As of Jul 15, 2026, the average hourly pay for left field in the United States is $25.27, according to ZipRecruiter salary data. Most workers in this role earn between $19.71 and $27.64 per hour, depending on experience, location, and employer.

Why is Gen Z struggling to get jobs?

Gen Z faces challenges in securing jobs like Left Field roles due to high competition, limited work experience, and employers' preference for candidates with specific skills such as digital literacy and adaptability. Additionally, economic factors and changing hiring practices can impact their employment opportunities.

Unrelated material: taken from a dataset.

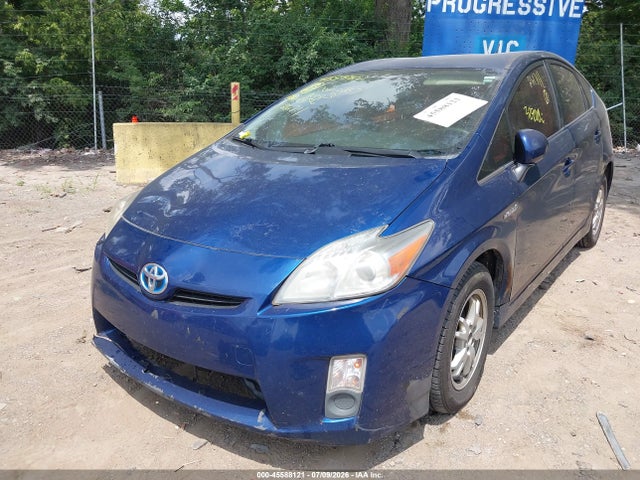 صورة 6 لـ 2010 Toyota PRIUS II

What are the top 10 career fields?

For a role like Left Field, which may involve unconventional or emerging industries, top career fields often include technology, healthcare, finance, engineering, education, skilled trades, marketing, data analysis, environmental science, and cybersecurity. These fields typically offer growth opportunities, require specialized skills or certifications, and are in high demand across various sectors.

What jobs pay $700 a day?

Jobs that can pay $700 a day include specialized roles such as freelance consultants, high-end trades like electricians or plumbers, and certain contract positions in construction or IT. These roles often require specific skills, certifications, or experience, and may involve freelance or project-based work with variable schedules.

What are the key skills and qualifications needed to thrive as a Left Fielder, and why are they important?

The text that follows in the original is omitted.